Ranger supports Hive data masking. You can configure a data masking policy to mask the return values of SELECT statements to hide sensitive information from users.

Background information

This feature applies only to HiveServer2 scenarios. For example, you can mask the return values of SELECT statements that are executed by using Beeline, JDBC, or Hue.
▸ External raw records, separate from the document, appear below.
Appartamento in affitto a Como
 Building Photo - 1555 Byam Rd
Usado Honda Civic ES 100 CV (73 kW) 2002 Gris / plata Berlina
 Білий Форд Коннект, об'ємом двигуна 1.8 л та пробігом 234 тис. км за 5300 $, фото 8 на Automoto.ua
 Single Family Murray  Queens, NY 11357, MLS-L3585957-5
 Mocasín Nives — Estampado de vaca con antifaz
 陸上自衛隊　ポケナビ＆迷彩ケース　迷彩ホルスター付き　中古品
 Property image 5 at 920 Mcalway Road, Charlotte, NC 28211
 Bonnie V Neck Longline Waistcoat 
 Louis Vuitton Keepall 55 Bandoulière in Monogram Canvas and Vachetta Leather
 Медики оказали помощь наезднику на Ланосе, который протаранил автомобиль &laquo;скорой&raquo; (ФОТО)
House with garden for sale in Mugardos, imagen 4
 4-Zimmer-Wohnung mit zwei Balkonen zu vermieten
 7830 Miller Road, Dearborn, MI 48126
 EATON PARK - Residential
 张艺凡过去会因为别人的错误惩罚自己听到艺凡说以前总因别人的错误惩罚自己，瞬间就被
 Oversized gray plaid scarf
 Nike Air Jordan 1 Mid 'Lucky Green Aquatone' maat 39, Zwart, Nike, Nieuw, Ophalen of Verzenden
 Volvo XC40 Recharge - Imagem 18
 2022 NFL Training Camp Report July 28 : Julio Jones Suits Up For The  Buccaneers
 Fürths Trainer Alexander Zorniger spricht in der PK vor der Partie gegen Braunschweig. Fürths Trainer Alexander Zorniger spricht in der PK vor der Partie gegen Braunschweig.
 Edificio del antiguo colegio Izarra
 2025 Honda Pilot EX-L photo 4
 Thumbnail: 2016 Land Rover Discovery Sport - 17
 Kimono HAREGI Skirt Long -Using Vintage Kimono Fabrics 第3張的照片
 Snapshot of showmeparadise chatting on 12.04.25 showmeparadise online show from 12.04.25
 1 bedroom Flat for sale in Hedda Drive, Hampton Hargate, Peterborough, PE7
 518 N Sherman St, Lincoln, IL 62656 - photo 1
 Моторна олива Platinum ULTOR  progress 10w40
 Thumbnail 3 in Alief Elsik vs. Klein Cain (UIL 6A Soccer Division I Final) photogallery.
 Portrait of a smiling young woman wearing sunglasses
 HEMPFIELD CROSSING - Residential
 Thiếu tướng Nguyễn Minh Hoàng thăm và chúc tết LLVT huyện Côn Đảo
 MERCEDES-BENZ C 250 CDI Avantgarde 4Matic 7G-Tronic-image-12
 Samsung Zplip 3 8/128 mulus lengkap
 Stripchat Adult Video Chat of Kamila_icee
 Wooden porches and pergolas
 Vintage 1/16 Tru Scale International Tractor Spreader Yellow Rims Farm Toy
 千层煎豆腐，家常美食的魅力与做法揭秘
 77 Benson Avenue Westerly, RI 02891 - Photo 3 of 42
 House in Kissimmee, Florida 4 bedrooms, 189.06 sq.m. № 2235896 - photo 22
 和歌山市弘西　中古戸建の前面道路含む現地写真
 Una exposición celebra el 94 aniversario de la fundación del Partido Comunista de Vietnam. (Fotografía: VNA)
Configure a data masking policy

You can configure a data masking policy on the emr-hive tab of the Ranger web UI. Pay attention to the following points:
  • Multiple data masking methods are supported. For example, you can choose to show only the first or last four characters or use a hashing algorithm to process data.
  • Wildcards are not supported. For example, you are not allowed to use asterisks (*) when you configure a table or column in a data masking policy.
  • Each data masking policy applies to only one column. If you want to mask data in multiple columns, configure multiple data masking policies.
  1. Integrate Hive with Ranger and configure related permissions. For more information, see Hive.
  2. On the Ranger web UI, click emr-hive.
    Permission configuration example
  3. Click the Masking tab.
    Configure a data masking policy
  4. Click Add New Policy in the upper-right corner.
  5. Configure the parameters that are described in the following table.
    edit_ploicy
    Parameter Description Example
    Policy Name The name of a data masking policy. You can customize a policy name. test_mask
    database The name of a Hive database. testdb1
    table The name of a table. testtb1
    Hive Column The name of a column. a
    Access Types The permissions to be granted. SELECT
    Select Masking Option A data masking method. show first 4
  6. Click Add.

Mask test data

  • Scenario

    User test executes a SELECT statement to query data in column a of the testdb1.testtbl table. Only the first four characters of values in column a are shown.

  • Procedure
    1. Configure a data masking policy.

      For more information about the configuration steps, see Configure a data masking policy.

    2. Verify the data masking effect.
      User test uses Beeline to connect to HiveServer2 and executes the select a from testdb1.testtbl; statement. Verify the data masking effect

      As shown in the preceding figure, only the first four characters of values in column a are shown. The other characters are replaced with x.